Kafka log cleanup


At present, there are two main strategies for Kafka log cleaning:

  1. Log deletion
  2. Log compression: log compression is to keep the last message according to the key.

Kafka provideslog.cleanup.policyThe default value is delete. You can also select compact.

Log deletion

To configure Default value Explain
log.retention.check.interval.ms 300000 (5 minutes) Detection frequency
log.retention.hours 168 (7 days) Log retention hours
log.retention.minutes Log retention time minutes
log.retention.ms Log retention time MS
file.delete.delay.ms 60000 (1 minute) Delay execution delete time
log.retention.bytes -1 infinity Run retention log file maximum
log.retention.bytes 1073741824 (1G) Log file maximum

Kafka will check whether the logs need to be deleted according to the periodic detection frequency. The log deletion strategies are mainly as follows:

  • Time based delete policy
  • Delete policy based on file size
  • Based on log file start offset
Time based deletion

Kafka will find the last record in the timestamp index file of the log segment. If the last timestamp is less than 0, the latest modification time will be taken.

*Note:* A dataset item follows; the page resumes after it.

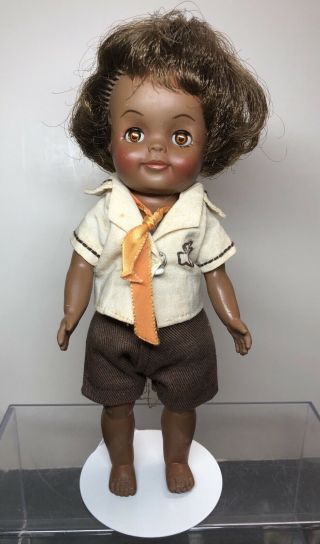 8” Vintage Effanbee Fluffy Brownie Girl Scouts 1965 African American S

After confirming the log segments to be deleted, you need to delete them as follows:

  1. Remove the log segments to be deleted from the concurrentskiplistmap of the log segments maintained in the log object to ensure that no thread reads these log segments.
  2. Add a. Delete suffix to all files in the log segment
  3. There will be a delay task named “delete file” in Kafka to delete these invalid log data

If there is data in the current log segment that needs to be deleted, Kafka will segment it first, create a new active log segment, and then delete it.

Delete based on size
  1. Calculate the sum of the log sizes that need to be deleted (current log size – maximum allowed log files)
  2. Then start from the first log segment to find the collection of log segments that can be deleted
  3. Delete last
Based on log file start offset

The starting offset of the log file is equal to the benchmark offset of the first log segment by default, but it changes with the deletion of data.

The judgment rule based on the starting offset of the log file is that if the starting offset of the next log segment of a log segment is less than the starting offset of the log file, the log segment can be added to the deletion queue and finally deleted.